Supplied records:
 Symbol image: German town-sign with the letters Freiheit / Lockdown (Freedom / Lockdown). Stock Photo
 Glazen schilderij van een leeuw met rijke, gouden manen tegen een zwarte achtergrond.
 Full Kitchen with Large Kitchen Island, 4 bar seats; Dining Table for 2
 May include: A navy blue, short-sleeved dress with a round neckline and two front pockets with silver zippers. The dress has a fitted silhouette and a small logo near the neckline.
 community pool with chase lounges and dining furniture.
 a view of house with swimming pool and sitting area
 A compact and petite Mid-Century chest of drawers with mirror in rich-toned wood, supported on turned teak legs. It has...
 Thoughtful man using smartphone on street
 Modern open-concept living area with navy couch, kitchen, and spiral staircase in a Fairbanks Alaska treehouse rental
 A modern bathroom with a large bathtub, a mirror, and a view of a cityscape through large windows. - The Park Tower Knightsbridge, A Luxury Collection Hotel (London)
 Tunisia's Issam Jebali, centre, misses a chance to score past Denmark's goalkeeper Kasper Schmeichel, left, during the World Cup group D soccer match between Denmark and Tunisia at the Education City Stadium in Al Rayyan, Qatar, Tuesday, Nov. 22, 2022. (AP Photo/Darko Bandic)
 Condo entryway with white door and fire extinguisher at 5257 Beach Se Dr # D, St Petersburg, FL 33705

What the exercise asks:
The entries above must be written out again exactly as they are.

Answer section:
 Symbol image: German town-sign with the letters Freiheit / Lockdown (Freedom / Lockdown). Stock Photo
 Glazen schilderij van een leeuw met rijke, gouden manen tegen een zwarte achtergrond.
 Full Kitchen with Large Kitchen Island, 4 bar seats; Dining Table for 2
 May include: A navy blue, short-sleeved dress with a round neckline and two front pockets with silver zippers. The dress has a fitted silhouette and a small logo near the neckline.
 community pool with chase lounges and dining furniture.
 a view of house with swimming pool and sitting area
 A compact and petite Mid-Century chest of drawers with mirror in rich-toned wood, supported on turned teak legs. It has...
 Thoughtful man using smartphone on street
 Modern open-concept living area with navy couch, kitchen, and spiral staircase in a Fairbanks Alaska treehouse rental
 A modern bathroom with a large bathtub, a mirror, and a view of a cityscape through large windows. - The Park Tower Knightsbridge, A Luxury Collection Hotel (London)
 Tunisia's Issam Jebali, centre, misses a chance to score past Denmark's goalkeeper Kasper Schmeichel, left, during the World Cup group D soccer match between Denmark and Tunisia at the Education City Stadium in Al Rayyan, Qatar, Tuesday, Nov. 22, 2022. (AP Photo/Darko Bandic)
 Condo entryway with white door and fire extinguisher at 5257 Beach Se Dr # D, St Petersburg, FL 33705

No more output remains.